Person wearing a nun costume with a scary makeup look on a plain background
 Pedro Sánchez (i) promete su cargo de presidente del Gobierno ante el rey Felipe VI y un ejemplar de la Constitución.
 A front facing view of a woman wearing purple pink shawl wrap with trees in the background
• • •
◆ **ASSIGNMENT**:
Go through the material and copy each line that contains "with".

◆ **RESULT OF THIS TASK**:
Person wearing a nun costume with a scary makeup look on a plain background
 A front facing view of a woman wearing purple pink shawl wrap with trees in the background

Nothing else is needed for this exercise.